Canadians hit spending record for U.S. shows
Broadcasters spent $846.3 mil on foreign seriesTORONTO -- Despite shrinking ad dollars, loss-making private Canadian broadcasters continue to invest record dollars into U.S. network series for their primetime schedules.
Saddled with multiyear output deals with Hollywood studio suppliers, Canadian broadcasters spent a record $846.3 million, or 59% of their programming expenditures, on foreign, mostly American shows, in the year to Aug. 31, 2009, the Canadian Radio-television and Telecommunications Commission reported Thursday.
That represented a 9.2% jump on the $775.2 million spent in 2008.
The country's TV regulator also revealed private broadcasters spent less on homegrown programming last year -- $599.4 million in 2009, 3% down on a year-earlier $619 million invested in local TV shows.
The Canucks' unceasing appetite for U.S. network series came as private networks saw total revenue fall 7.9% last year, or $1.97 billion in 2009, against a year-earlier $2.14 billion.
Canadian broadcasters did receive a respite from recession-driven TV ad revenue losses due to higher primetime ratings after introducing the Portable People Meter and finding unmeasured viewers.
But the latest CRTC survey of Canadian conventional broadcasters also revealed they lost $116.4 million before interest and taxes in 2009, compared to a profit before interest and taxes of $8 million in 2008.
Canadian broadcasters stuffing their primetime slates with expensive U.S. series comes as they clamour for domestic cable and satellite TV providers to pay retransmission fees to make up for their continuing losses.

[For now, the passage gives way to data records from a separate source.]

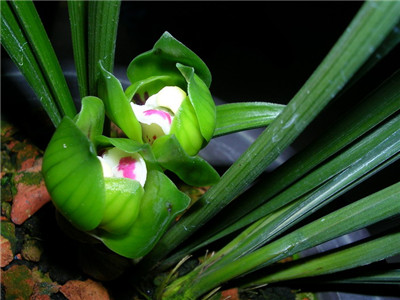 兰苗脱水解决方法：灭菌除虫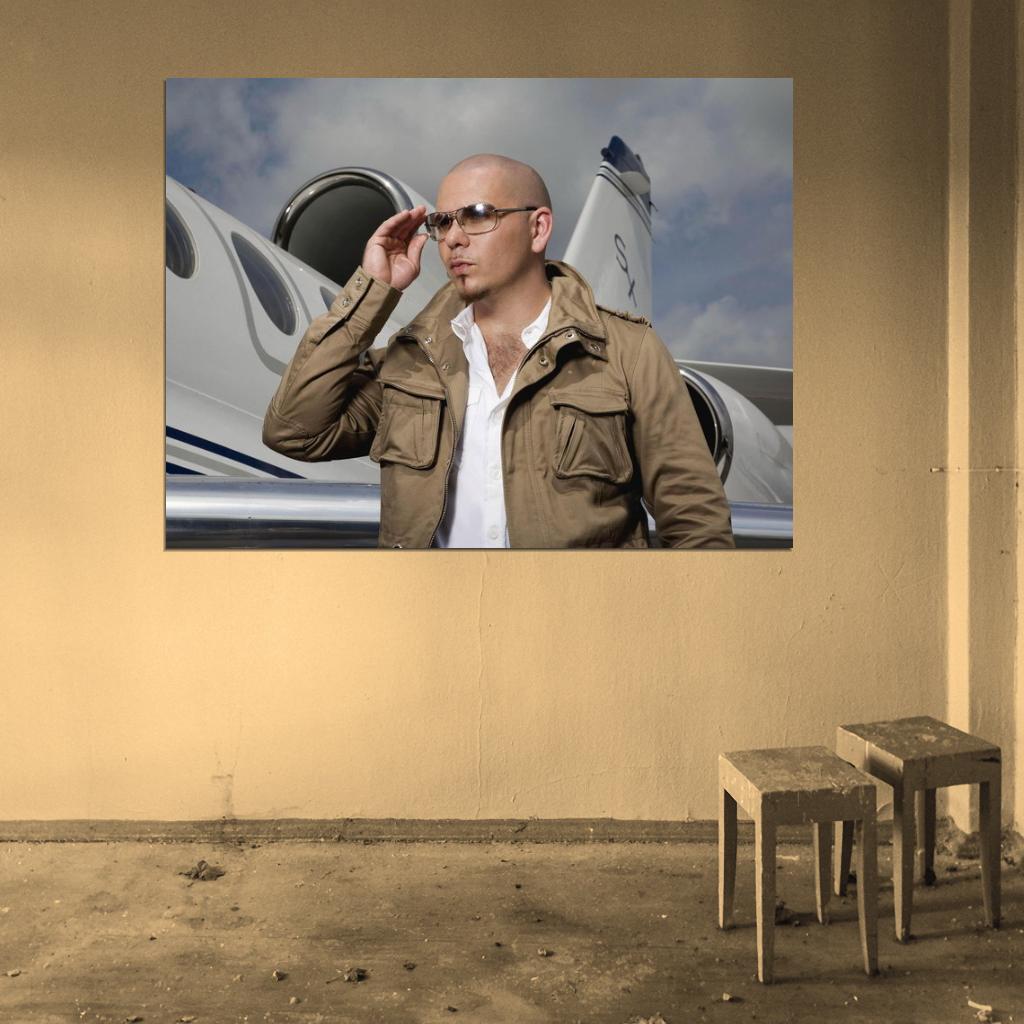 Pitbull Plane Sunglass Hip Hop Pop Singer Music Rare Wall Art Print Poster
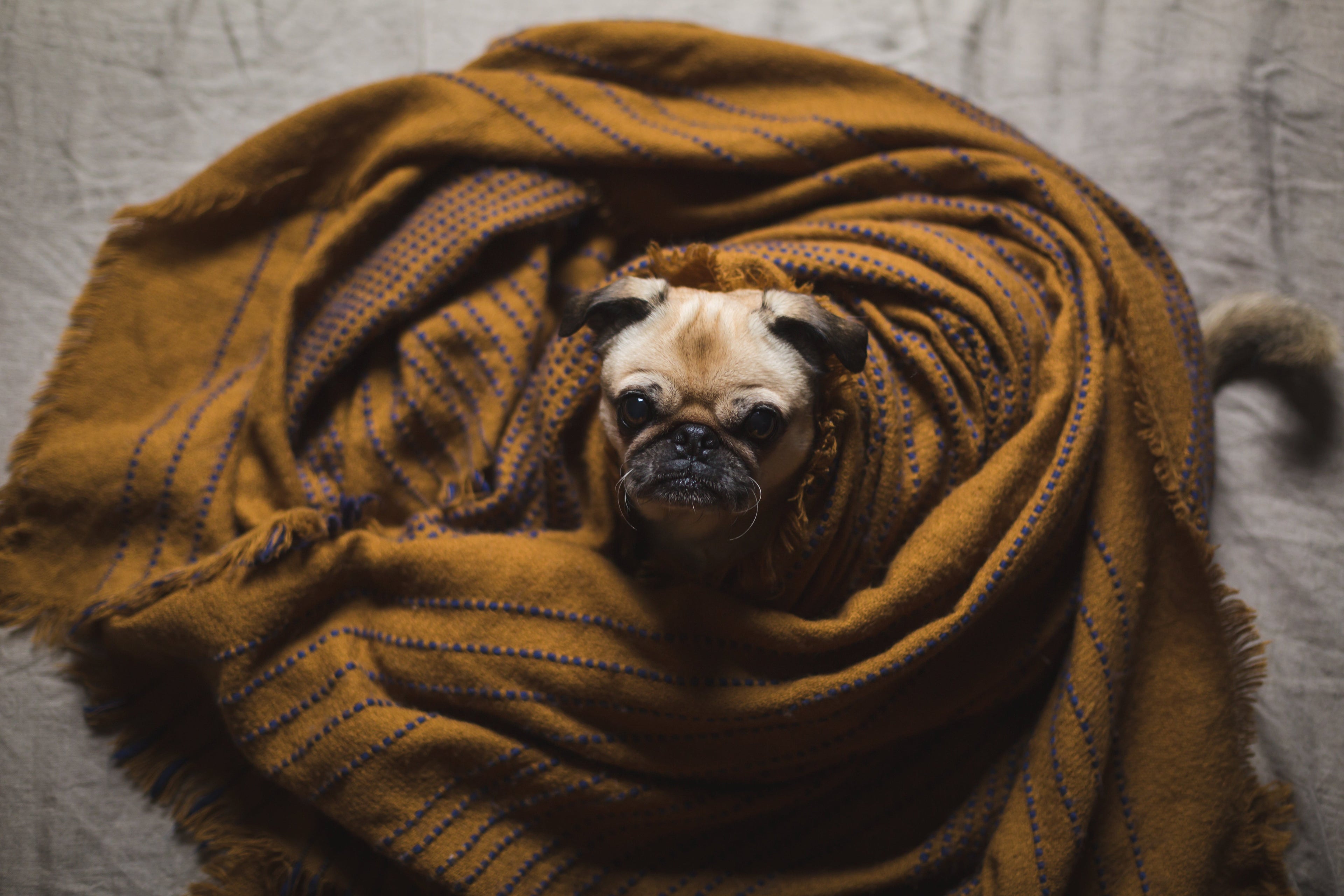 Anxious dog wrapped in cozy fabric for calm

Primetime ratings king CTV even threatened to force domestic cable companies to yank popular U.S. programs they hold the Canadian rights to if it cannot successfully negotiate first-time carriage fees from content carriers.
Canada's retransmission fee brawl comes as domestic content carriers remain the sweet spot of the Canadian industry.
The CRTC reported total revenue for domestic cable operators climbed to $9.2 billion in 2009, against a year-earlier $8.2 billion, with their total profit before interest and taxes rising just over 10% to CAN$2.3 billion.